People receive doses of the Chinese Sinopharm vaccine during country's mass vaccination
Serbia has launched an unofficial Covid vaccination programme in its former province of Kosovo, creating a political headache in the divided and impoverished Balkan nation.
Serbia, which still claims Kosovo as its own, is running Europe’s most successful vaccination programme after the UK, relying heavily China’s Sinopharm vaccine and Russia’s Sputnik V.
Aleksandar Vucic, the Serbian president, in December announced that his country would vaccinate ethnic Serbs in Kosovo to the fury of Kosovo’s leaders. Avdullah Hoti, then Kosovo’s prime minister, said the campaign was illegal, and Armend Zemaj, the health minister, ordered an inquiry.
Ethnic Serb and Albanian communities in Kosovo are often still highly divided, particularly in the north near the border with Serbia.
The outrage from Pristina over the covert vaccination programme prompted Serbia to stop vaccinating Serbs in Kosovar territory.

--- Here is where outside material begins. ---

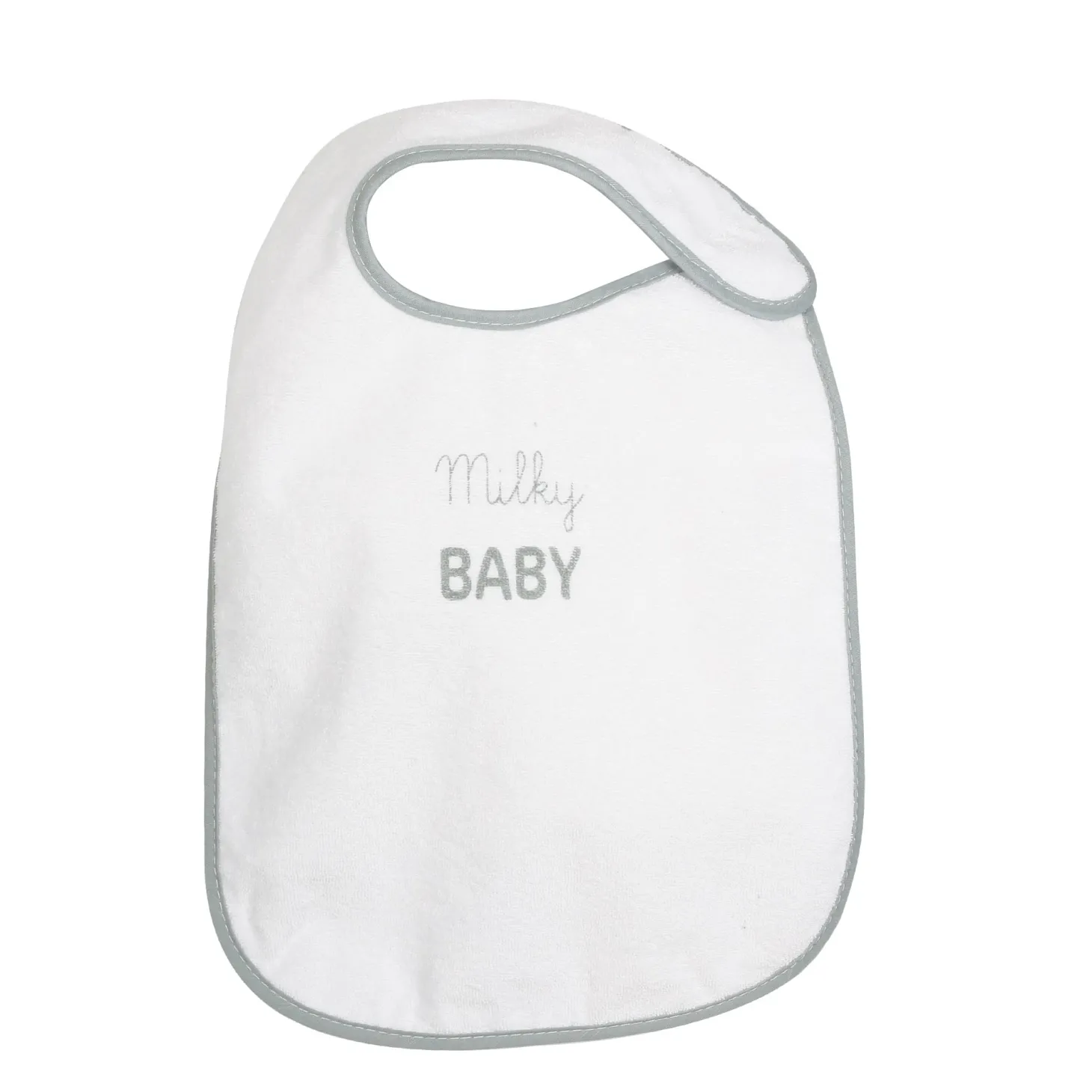 Trois Kilos Sept BAVOIRS NAISSANCE X5 Blanc, Gris 24x38 cm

Instead, it has started taking ethnic Serbs across the border to receive the jab, bussing people daily to three vaccination locations in Serbia, some traveling for hundreds of kilometres. The buses leave at around 6am, and about 300 people are vaccinated daily.
Meanwhile no one in the rest of Kosovo has been vaccinated yet – not even medical workers on the frontline of the pandemic. The Ministry of Health has announced it will receive a 360,000 strong donation from Covax “in the spring,” and that at risk populations will be prioritised.
People rest after being given their second dose of the Sinopharm Covid-19 vaccine in Belgrade
Credit: Oliver Bunic/Bloomberg
When Kosovo launched the inquiry into Serbian vaccines being administered in its territory, doctors and medical practitioners in the Serb-majority north of Kosovo were quizzed about the provenance of the vaccines. Many objected to being placed in the middle of a political battle during a healthcare crisis.
Rumors started circulating that the vaccines would be seized and possibly destroyed, prompting Serbian government to withdraw its shipment to towns right across the disputed border.
Serbs in Kosovo say they are constantly forced to pick between siding with Pristina and Belgrade.
“An issue that should be seen as a positive development is once again used to make the local population feel vulnerable and uncertain,” says Milica Andric Rakic, 29, a researcher at a non-governmental organisation based in North Mitrovica, the main Kosovo Serb town.
Kosovo and Serbia coexist uneasily. While hostilities and escalations between the two have long ceased, the two governments have no high-level political relations and Serbia’s refusal to recognise Kosovo has severely hampered Pristina’s ability to participate in international processes.
Serbs in the country live in ethnically homogenous towns and villages, or enclaves, with limited contact to Albanians.
Right after the conflict in the 1990s Serbia managed those enclaves entirely, but since the EU-facilitated dialogue between the two began in 2011 policing, courts and other municipal efforts have been taken over by Kosovo.
Health and education are still financed and overseen by ministries in Serbia.